During such a process, it is great to have someone to serve as a sounding board. Ask questions about the basics. Why do we follow this rule of thumb? What is the assumption behind the use of this method? Asking these questions is much easier while working on replicating someone else's work, rather then when working on your own research and trying to get a paper out.

Myself, I still write code for this very same reason. I need to see how the algorithm behaves. I need to see the small peculiarities in behavior. This observation gets me to understand better not only the algorithm itself but also other techniques that are employed by the algorithm. I am trying to understand econometrics a little bit deeper the last few months, and I do the same. Frustrating? Yes. Slow? Yes. Helpful? You bet!



So, at the end of the seminar, if the students can replicate the results of the paper, great: They learned what it takes to create a paper and most probably understood deeper a few other topics in the way.

If the results are different than in the original paper, then perhaps this is the beginning of a deeper investigation. Why things are different? Tuning? Settings? Bugs? Perhaps uncovering something not seen by the authors?

Even if the data from the authors are not available, the students should be able to reproduce and get similar results perhaps with different data sets. If the results with different data sets are qualitative different, then the paper is essentially not reproducible. (And replicability is not reproducibility.)

And in any case, no matter if the students can replicate the results or not, no matter if the paper is reproducible or not, the lesson from such an exercise can be valuable.

Often the student who understands better the paper, falls in love with a topic, and gets to learn more and more about the area. Following the footsteps of someone is often the first step to find your own path.



I think this seminar will make it to the final set of recommendations to the school. I am wondering how many other schools have such a course.



Update1: Needless to say, this is a class, not something that students try on their own. Therefore, the professor should pick a set of papers which are educational and useful to replicate. This can be either an easy "classic" paper, or an "important new" result, or even a paper that forces the students to use particular tools and data sources.

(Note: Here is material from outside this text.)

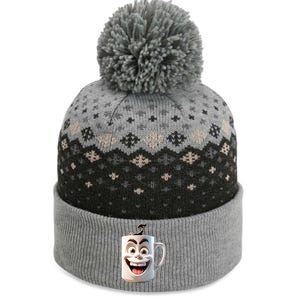 Crazy Face Coffee Character The Baniff Cuffed Pom Beanie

The students choose from a predefined set, not from the wild.

Update2: Thanks to Jun, a commenter below, we have now a reference to the originator of the idea. Apparently, Gary King has published a paper in 2006, titled ""Publication, Publication", in "Political Science and Politics". From the abstract: "I show herein how to write a publishable paper by beginning with the replication of a published article. This strategy seems to work well for class projects in producing papers that ultimately get published, helping to professionalize students into the discipline, and teaching them the scientific norms of the free exchange of academic information. I begin by briefly revisiting the prominent debate on replication our discipline had a decade ago and some of the progress made in data sharing since."